Home > Blog > Crowdsourcing EO training datasets to improve cloud detection
Manual cloud classification app

The International Institute for Applied Systems Analysis (IIASA) has joined Sinergise to engage the public in an initiative involving ESA’s Sentinel-2 satellite imagery, and together we would like to improve EO training datasets to achieve better cloud detection and land cover algorithms.

A plethora of algorithms to distinguish clouds in multispectral satellite data are available. When using them as part of land cover change detection, simple (but fast) algorithms often fail due to many false-positives, which can sometimes have a significant impact on the end result. The ability to discriminate cloudy pixels is crucial for any automatic or semi-automatic solutions that detect land change. Therefore, we decided to try and develop algorithms that would be more suitable for this purpose. Because we want our services to be available globally, and because that means we need a very large database of training samples, we decided to engage the public's help.

To obtain a large data resource of curated cloud classification ssamples we used a number of tools, developed at IIASA, and Sentinel Hub services, which provide fast access to the entire global archive of Sentinel-2 data.

How does it work?

It's actually really simple. The application provides an image (e.g. 64x64 pixels), on which you delineate different types of clouds (opaque, thick, and thin clouds) in a paintbrush-like UI. The rest of the image will be implicitly cloud-free.
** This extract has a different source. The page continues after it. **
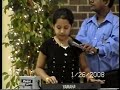 Ashrita  singing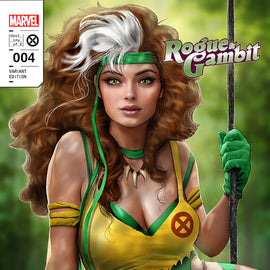 [Signed by Nathan Szerdy] ROGUE & GAMBIT #4  UNKNOWN COMICS NATHAN SZERDY EXCLUSIVE VAR [IN STOCK]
Help us collect the data and start using the application! The resulting data will be made available through the Geopedia portal, both for exploring and downloading.

Collecting other datasets

The approach will also allow us to collect other datasets in a rapid and efficient manner in the future. For example, using a slightly modified configuration, a similar workflow could be used to obtain a manually curated land cover classification data set, which could be used as training data for machine learning algorithms.